Jewel, who has known Reynaga since sixth grade, hopes that people understand Reynaga is more than what they think she is.

“People say ‘Oh Sancia, the girl with cancer,’ but she’s more than that,” Jewel said. “She’s bubbly but tough at the same time. She’s not afraid to tell anybody anything, but she’s also very caring, and supportive. She’s one of those all-around kind of people that can be this, that and the other. And she is really trying to change the world.”

Reynaga was declared cancer-free on July 18, one year and eighteen days after her initial diagnosis. She is scheduled to undergo surgery this December to correct the cause of her cancer, a lack of two muscles in her shoulder that allows cancerous cells to form.

“It’s scary because I don’t want to be cut open, but it’s also exciting because there’s the possibility that if it works I’ll have a 100% chance of not getting it again,” Reynaga said. “At the same time though, if it doesn’t go as planned I pretty much have a 100% chance of getting it again. And if it comes back, it will probably come back as stage 3, which means chemo.”

Reynaga was recently accepted into the National Guard, which has been a dream of hers since she was young. However, now Reynaga worries that a recurrence of her cancer may hurt her career.

“It makes me really scared because I just joined the national guard and if they ask me if I have cancer and I do, then they’ll probably kick me out,” Reynaga said. “It’s just really scary because I’ve wanted to be in the military since I was three. I‘ve always heard my parents talk about it. I see that as my future. And the idea that this [cancer] could ruin my career is terrifying.”

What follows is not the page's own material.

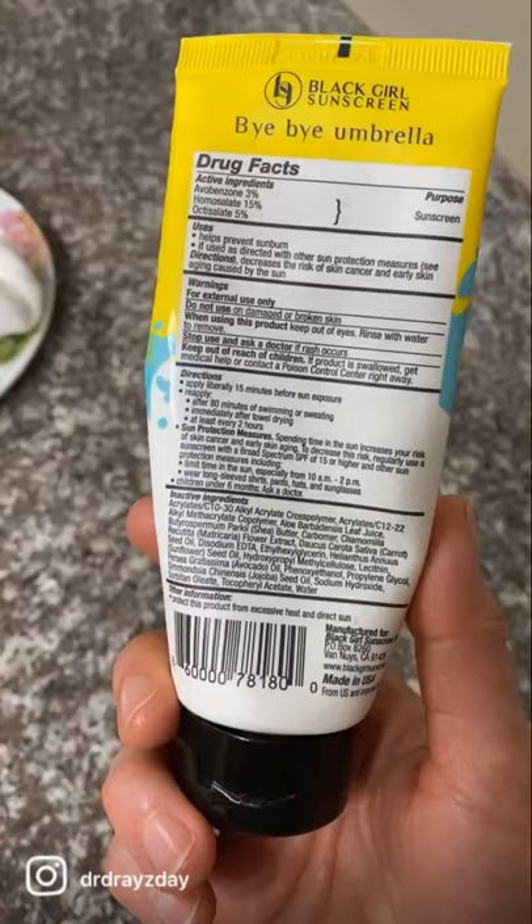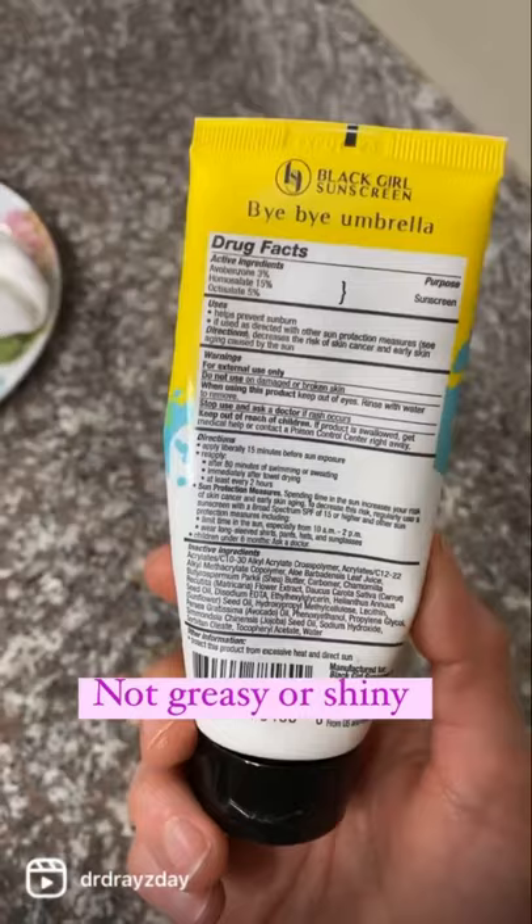The shea butter, jojoba seed oil, and avocado seed oil give the skin a nice luminous glow without looking greasy or shiny. This doesn't pill or ball — it stays in place really well and looks great.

Reynaga is not only worried that her cancer might take away her chance to serve in the National Guard, but also scared that she will will not have the chance to make her parents proud as a result.

“I felt like a failure because I kept thinking, you know, I’m supposed to make my mom proud, but now what if don’t get into my future job? What if I can’t finish high school? What if I can’t make it through this cancer,” Reynaga said. “Seeing my [mother] cry, it made me feel bad about myself because I kept wondering about what would happen if I didn’t get better, if I had to go to hospice and get chemo. That could kill me, and I don’t want to die.”

“When you go through radiation, it’s killing the cancer cells one-by-one but that means it’s also killing you. You’re dying with your cancer.””

— Junior Sancia Reynaga

Although she is cancer free for the moment, Reynaga must still fight to remain that way. Although there are times when she feels like giving up, according to Reynaga, her family keeps her going.

“Cancer is a battle. You’re fighting the hardest sickness of all: your body itself,” Reynaga said. “I mean when you go through radiation, it’s killing the cancer cells one-by-one but that means it’s also killing you. You’re dying with your cancer. When I’m fighting, I’m fighting to make my family proud, and sometimes I wonder ‘What if I quit fighting,’ and worry that it’ll make me look weak, and I worry about what it would do because when you lose someone there is a depression, and I keep fighting because I don’t want that for my family.”

According to Jewel, Reynaga’s positivity and empathy for other people shows even in the face of hardship.

“I think she hides sometimes. She keeps stuff in so that she can help other people,” Jewel said. “There would be times where she would be taking six or seven pills a day in the bathroom and then she would come back and be super bubbly and sprightly. She’s just such a good person. She goes through so much and she puts herself through so much and I don’t know how she does it because I could not. She’s strong, she is so strong.”

For Reynaga, strength is not just the determination to keep going, but also the mindset of living life to the fullest.

“If I don’t stay strong, then I’m letting myself down,” Reynaga said. “Sometimes it’s hard, staying strong, but now I think it’s just saying, ‘No, God gave me another day to wake up and do this life.’ Staying strong is realizing that I might not be sick right now, but realizing that it [cancer] could come back eventually, and it means living my life right now, as I want it.”